THE END OF POVERTY 
Economic Possibilities for Our Time.
By Jeffrey D. Sachs.
Illustrated. 396 pp. Penguin Press. $27.95. 

'The End of Poverty': Brother, Can You Spare $195 Billion?
By DANIEL W. DREZNER 

Published: April 24, 2005


EFFREY D. SACHS makes a bold declaration in ''The End of Poverty.'' 
He argues that if the wealthy countries of the world were to increase 
their combined foreign aid budgets to between $135 billion and $195 
billion for the next decade, and properly allocate that money, 
extreme global poverty -- defined by the World Bank as an income of 
less than a dollar a day -- could be eliminated by 2025. Readers 
should fervently hope that Sachs is correct, and persuasive; the 
political, economic and ethical returns to improving the plight of 
1.1 billion people would be enormous. 

Sachs brings a unique background to this issue. He is macroeconomist 
to the stars -- in the foreword the U2 frontman, Bono, characterizes 
Sachs as ''my professor.'' A tenured economist at Harvard in the mid-
1980's, he stumbled into the developing world by brashly claiming 
that he could tame Bolivia's hyperinflation. His success at that task 
led to consulting gigs in Poland and Russia. The experience in Russia 
did not turn out so well, but for this kind of work a 67 percent 
success rate borders on the miraculous. Sachs is now the director of 
the Earth Institute at Columbia University and a special adviser on 
global poverty to the United Nations secretary general, Kofi Annan. 
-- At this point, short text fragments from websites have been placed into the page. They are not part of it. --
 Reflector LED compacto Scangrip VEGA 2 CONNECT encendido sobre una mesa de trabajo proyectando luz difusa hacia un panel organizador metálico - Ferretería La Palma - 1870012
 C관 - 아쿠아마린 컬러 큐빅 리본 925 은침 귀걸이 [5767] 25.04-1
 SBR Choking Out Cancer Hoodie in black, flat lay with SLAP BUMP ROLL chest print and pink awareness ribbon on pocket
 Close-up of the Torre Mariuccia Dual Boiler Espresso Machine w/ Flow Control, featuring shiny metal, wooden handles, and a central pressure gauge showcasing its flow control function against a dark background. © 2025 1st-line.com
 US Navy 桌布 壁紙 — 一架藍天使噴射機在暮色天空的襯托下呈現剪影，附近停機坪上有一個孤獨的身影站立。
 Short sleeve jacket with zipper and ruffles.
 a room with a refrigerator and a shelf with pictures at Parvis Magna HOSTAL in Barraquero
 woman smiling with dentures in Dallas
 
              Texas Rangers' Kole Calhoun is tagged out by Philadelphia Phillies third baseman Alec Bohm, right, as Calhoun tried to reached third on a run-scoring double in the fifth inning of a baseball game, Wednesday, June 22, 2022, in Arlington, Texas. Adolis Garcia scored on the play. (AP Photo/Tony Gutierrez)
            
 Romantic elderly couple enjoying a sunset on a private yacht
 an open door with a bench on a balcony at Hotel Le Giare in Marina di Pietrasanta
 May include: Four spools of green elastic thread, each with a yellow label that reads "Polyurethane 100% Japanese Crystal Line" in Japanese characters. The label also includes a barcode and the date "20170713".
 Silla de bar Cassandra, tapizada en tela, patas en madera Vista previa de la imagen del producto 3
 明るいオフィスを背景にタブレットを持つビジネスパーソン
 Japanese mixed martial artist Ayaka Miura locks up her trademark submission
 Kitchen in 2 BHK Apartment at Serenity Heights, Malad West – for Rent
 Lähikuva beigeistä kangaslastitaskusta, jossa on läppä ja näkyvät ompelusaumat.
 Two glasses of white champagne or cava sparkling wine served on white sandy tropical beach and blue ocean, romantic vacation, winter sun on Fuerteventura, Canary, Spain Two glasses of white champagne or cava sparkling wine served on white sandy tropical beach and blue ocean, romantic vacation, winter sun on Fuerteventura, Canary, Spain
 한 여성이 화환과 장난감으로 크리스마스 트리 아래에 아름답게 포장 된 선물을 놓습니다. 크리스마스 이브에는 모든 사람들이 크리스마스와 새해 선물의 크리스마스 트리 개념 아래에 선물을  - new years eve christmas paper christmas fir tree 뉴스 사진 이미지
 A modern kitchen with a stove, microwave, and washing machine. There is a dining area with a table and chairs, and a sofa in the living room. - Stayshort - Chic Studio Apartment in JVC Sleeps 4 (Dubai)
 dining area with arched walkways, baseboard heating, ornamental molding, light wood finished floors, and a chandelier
''The End of Poverty'' is really two books. One consists of Sachs's 
recollections of his experiences as an adviser to distressed and 
developing nations. This memoirish part is not terribly gripping. One 
of the most dramatic passages consists of a Sachs colleague calling 
him from Warsaw a week after radical reforms were implemented in 
Poland to say, ''Jeff, there are goods in the stores!'' 

The heart of the book is Sachs's forceful analysis of the causes of 
extreme global poverty, his proposed solutions and his peroration on 
why his plan should be carried out. Boiled down to its essentials, 
the argument is simple. Too much of the globe is ensnared in 
a ''poverty trap.'' A combination of poor geography, poor 
infrastructure and poor health care renders some societies incapable 
of generating any economic surplus for the future. These places 
cannot afford investments that would boost their economies over the 
long term when bare subsistence is the short-term goal. 

For about 20 years now, the West's standard refrain has been that 
market-friendly policies stimulate greater economic growth and in 
turn reduce poverty. Sachs does not disagree with this view so much 
as declare it incomplete: ''Market forces, as powerful as they are, 
have identifiable limitations, including those posed by adverse 
geography.'' Intuitively, this makes sense; a Kenyan village 
struggling with AIDS, malaria, inadequate drinking water and a lack 
of electricity cannot grow out of poverty unless its health care 
system and physical infrastructure improve. 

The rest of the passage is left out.